Periodic Reporting for period 1 - INSAFEDARE (INNOVATIVE APPLICATIONS OF ASSESSMENT AND ASSURANCE OF DATA AND SYNTHETIC DATA FOR REGULATORY DECISION SUPPORT)
Période du rapport: 2023-11-01 au 2025-04-30
Development of realistic synthetic datasets provides a potential solution to these challenges. These are precise computer generated datasets that exhibit the same statistical properties as the equivalent real dataset. Compared with anonymised and de-identified datasets, synthetic datasets have three advantages: a) they overcome lengthy approval processes required for anonymised data; b) they offer access to variables that may be considered sensitive and not included in anonymised and de-identified datasets; and c) they are immune to cross-referencing and harvesting of information with other datasets.

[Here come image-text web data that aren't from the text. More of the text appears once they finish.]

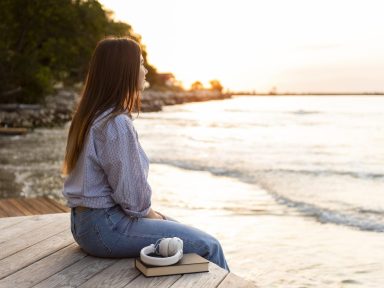 Person sitting peacefully by the sea, looking out at the water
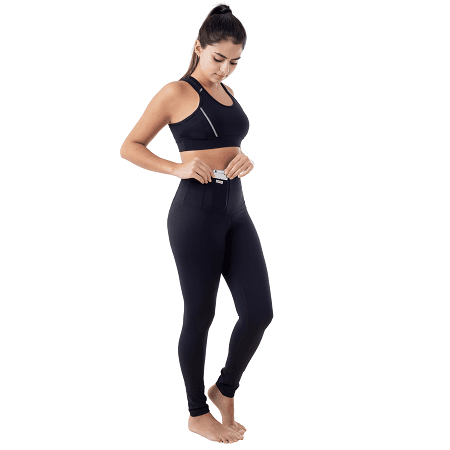 Modelo de corpo inteiro vestindo a legging Bioativa preta de cintura alta com top esportivo, ajustando o cós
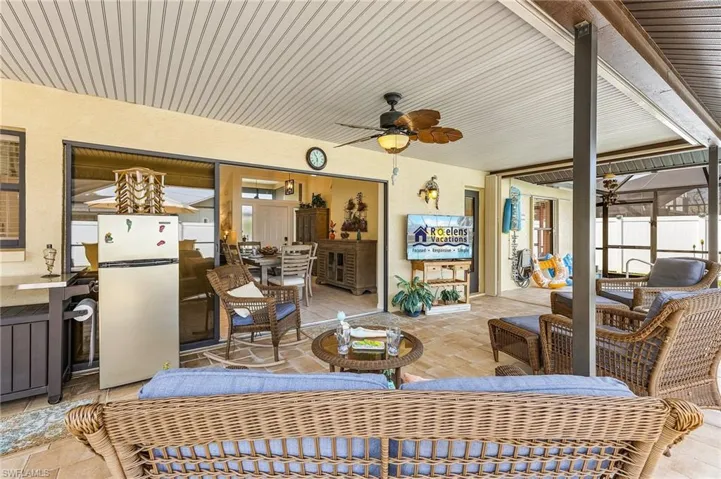Sunroom / solarium with a ceiling fan, a patio area, and outdoor seating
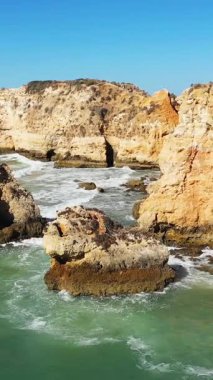Portekiz 'in Albufeira kıyısındaki Algarve kıyısında berrak mavi gökyüzünün altında dramatik altın kayalıklar ve kaya oluşumları turkuaz suların üzerinde yükseliyor..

The INSAFEDARE project is developing a toolkit to enable cost-effective and high assurance decision-making within regulatory compliance processes for medical devices. The project will provide guidance on quality and safety assurance of datasets as a tool for validation, and identify how synthetic datasets can be used to establish assurance in advance of formal certification processes to reduce risks for device developers and provide improved efficiencies for regulatory bodies. The project will develop tools for discovery, integration, and query of multiple datasets, and for supporting the sustainable, dynamic, and through-life surveillance of medical devices, while capturing the impact of new evidence from newly published datasets.
An important technology milestone was achieved with the development of the Data Integration Pipeline Tools, which enable users to define workflows as a series of interconnected tasks, each encapsulated within a Docker container. Its modular architecture and model-based design simplify the management of complex data handling processes. The tool supports integration with various data sources, such as files and databases, and offers flexibility in how these sources are connected. The deliverable includes a comprehensive review of current data pipeline orchestration technologies evaluated against 12 key characteristics derived from the project’s requirements. The analysis concludes that no existing solution fully meets all these criteria. Key features include visual workflow design, automated execution, and built-in monitoring. It has been developed to be user-friendly and adaptable to various synthetic data generation scenarios.
+ Innovative data quality framework
+ Advanced data integration framework
+ Novel algorithms for synthetic data generation
+ Regulatory compliance-driven metrics for assessing datasets
These technologies will also form the basis for stakeholder engagement for extending Europe’s regulatory practices and standards.